Iluy Peruzzo, o gerente, também chegou a ser assediado por outros clubes. O Bahia, por exemplo, tentou fazer o comandante da casa ir para o nordeste coordenar um empreendimento semelhante. No entanto, o amor pelo Inter falou mais alto e ele recusou a proposta.
Herança musical
O sucesso da Saci impulsionou o Inter a criar um outro empreendimento no ramo. Dessa vez, a culinária alemã ganhou espaço no Choppão, que abriu em 1983. Por lá, além dos pratos típicos havia a empolgação de uma bandinha típica alemã, com instrumentos de sopro e músicos vestidos à caráter, que nasceu no Beira-Rio e existe até hoje.
"O Choppão era atração turística da cidade. Todas as excursões que iam a Porto Alegre paravam ali para jantar. Era um ambiente muito familiar. Nos dias de jogo, sempre tinha muita gente, e depois do jogo, para comemorar", contou Flavio Felipe Schonell, que toca saxofone na banda desde a juventude.
Depois do fim das atividades, por volta de 2002, a banda seguiu tocando em eventos pelo interior e em outros Estados, sempre com inspiração nas tradições da Alemanha e carregando o nome do restaurante onde nasceu.
"A gente foi se desvinculando da casa aos poucos. Quando fechou, já estávamos tocando em outros lugares. Quando recebemos a ligação dizendo que a casa fecharia, estávamos no Mato Grosso. O último dia que fomos lá foi muito emocionante, marcante para nós. Meu pai tocou 17 anos ali, eu 12. Comecei com 14 para 15 anos, passei a adolescência e a juventude ali", lembrou.

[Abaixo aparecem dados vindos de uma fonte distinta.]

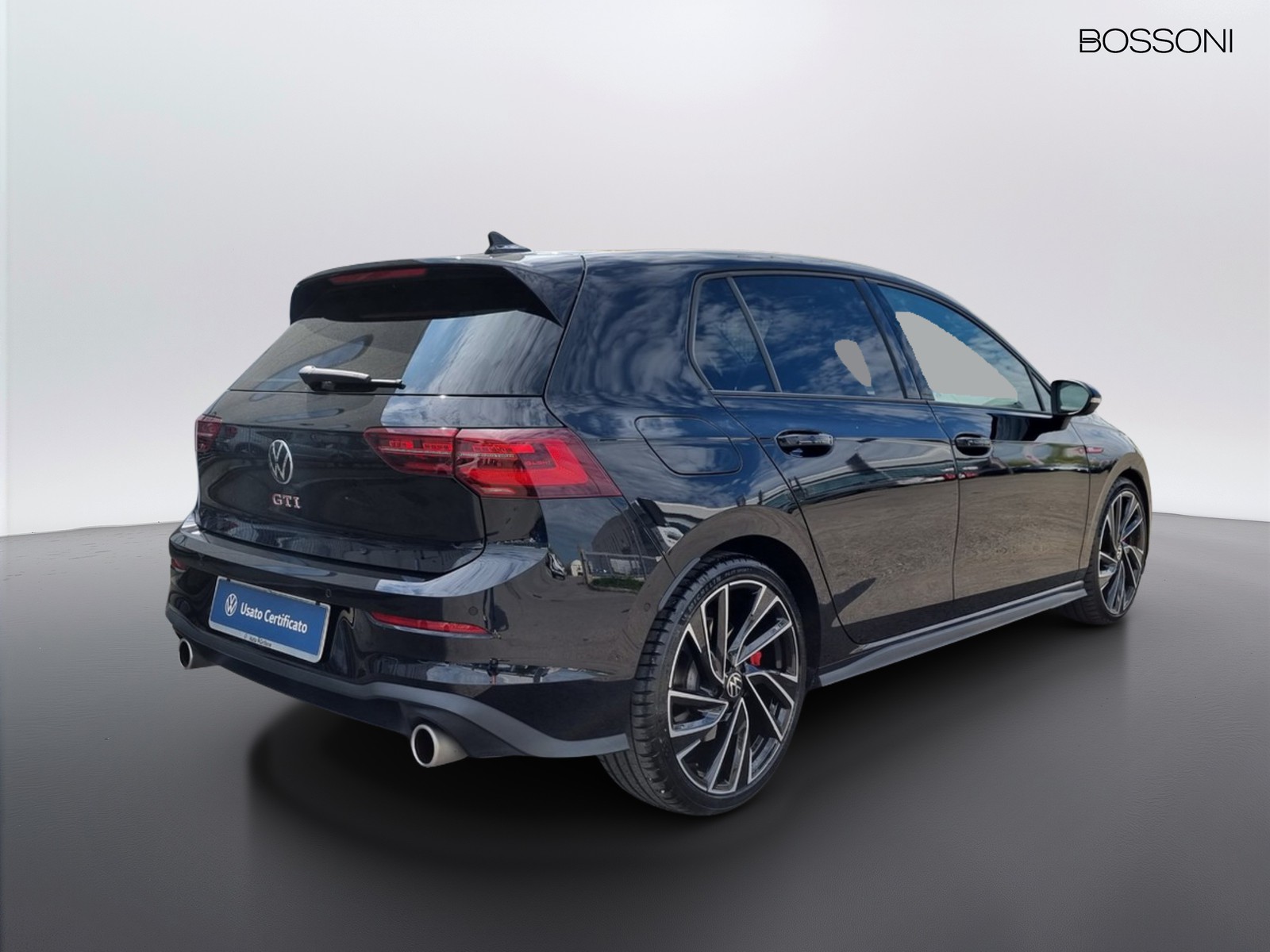 3 - Volkswagen Golf 2.0 tsi 245cv gti dsg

No Choppão não eram tão frequentes negociações de jogadores ou mesmo presença de celebridades. Mas os atletas costumavam comparecer para comemorações em horários diferentes do habitual, para despistar o movimento. E se serviam de chope, como numa boa celebração alemã. A Super Banda Choppão tem 12 CD's e quatro DVD's gravados ao longo de sua trajetória.
A exemplo do que houve com a Mosqueteiro, os restaurantes no Beira-Rio foram arrendados depois de alguns anos sob comando do Inter, passaram por diversos donos e encerraram suas atividades.
Em 2019, o então vice-presidente de negócios estratégicos do clube, João Pedro Lamana Paiva, tinha projeto de aproveitar os espaços do ginásio Gigantinho e do Centro de Eventos do estádio colorado para um 'revival' dos restaurantes.
"Seria uma galeteria, churrascaria ou "parrilla", contou ao UOL Esporte.
"Dentro do projeto de remodelação do Gigantinho, construção das torres [para empreendimentos] e aproveitando o Centro de Eventos", completou.
No entanto, a iniciativa não foi para frente e os momentos de glória ficaram apenas nas lembranças de antigos frequentadores.